Through a consistent message and the retention of fundamentals, Kings prospects worked hard to become better hockey players at development camp.

Jordan Weal found a soft spot on the ice while driving into the offensive zone, and when Tomas Hyka fed him the puck, he quickly unleashed a one-timer that snuck inside the near post. It was the most attractive of the three goals that the 21-year-old had scored during the scrimmage on the final day of the Los Angeles Kings’ development camp.

Weal was making his fourth development camp appearance since he was selected in the third round of the 2010 NHL Draft. A former linemate of Jordan Eberle’s with the WHL’s Regina Pats, he appears to be the proper representation of someone who has utilized the instruction and retention of fundamentals provided him in the continued refinement of his overall game.
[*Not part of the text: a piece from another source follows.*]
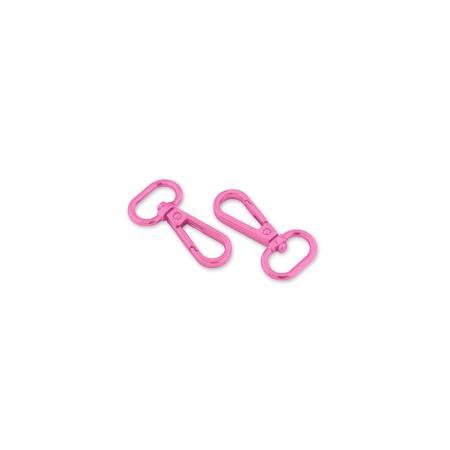 Two pink pearlescent 3/4in swivel hooks by Tula Pink and Sallie Tomato for bag straps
“I’ve just got to keep doing what I’m doing, I think,” Weal said. “Keep getting better, improving every year and trying to be the best player I can be, because when I’m at my best, I’m making players around me better.”
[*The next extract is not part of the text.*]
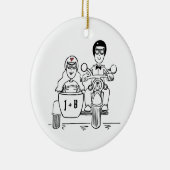 Aangepaste motorfiets en Sidecar Wedding Gift-kera Keramisch Ornament (Rechts)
Above all else, the continued development is the reason that players from Western Canada, Ontario, the Midwest and East Coast, the Czech Republic and points east converge upon El Segundo in the middle of July for a week that continues to accentuate the players’ grasp of fundamentals while gauging their retention of the organization’s methods of play from one year to the next.

“You just look at the basics, the basic things they do,” said Mike O’Connell, Pro Development and Special Assignments. “Did they improve from last time, some of the younger players we had last year? You kind of look where they were last year, and you kind of try to compare them where they are this year. You hope that they improve in a lot of those things.”

The camp is less about evaluation, according to General Manager Dean Lombardi, and more about the efforts to continue to make sure the players improve to the best of their and the organization’s abilities.

“I don’t evaluate anything. That’s the mantra. I don’t think it does any good to evaluate these players,” Lombardi said. “The obligation of everybody here is ‘Make them better.’ That’s all I’m looking for. Is this kid putting in the effort to be the best he can be? It’s not the time to evaluate them. I’m not looking to trade them. I’m not looking to sign them. I’m not looking for whatever, so why do that?”

“You start doing things like that – and forming judgments – then human nature is that I want it to be a self-fulfilling prophecy.”

Lombardi had emphasized the merits of player development to owner Philip F. Anschutz, and the on-ice efforts are apparent.

“First of all, you see the attention to detail, that if you’re going to play at the highest level that every little thing matters, and you’ve got to keep your pupil-teacher ratio down if you’re going to reinforce that,” Lombardi said.

With O’Connell and Nelson Emerson, Player Development, and Kim Dillabaugh, Goaltender Development, amongst other on-ice instructors – Glen Murray made it onto the ice during one session, offering another viewpoint – that on-ice instruction was provided by a variety of respected voices.

It’s partly why Weal was one of the most impressive skaters at camp. When there is continuity amongst the coaches, and their message continues to be reinforced, players such as Weal who have attended camp four times are well prepared to make the jump from junior or collegiate hockey to the professional ranks. In his first season in Manchester after four standout WHL seasons, Weal scored 15 times as part of a 33-point rookie campaign as a 20-year-old. Those who have spent time in Manchester were the most advanced players at the camp, while those who will be returning to their junior and college teams are able to comprehend how many other top players there are within the system. It’s healthy competition.

Weal acknowledged that the teachings he receives at development camp are in concert with what he learns with the team’s top farm club.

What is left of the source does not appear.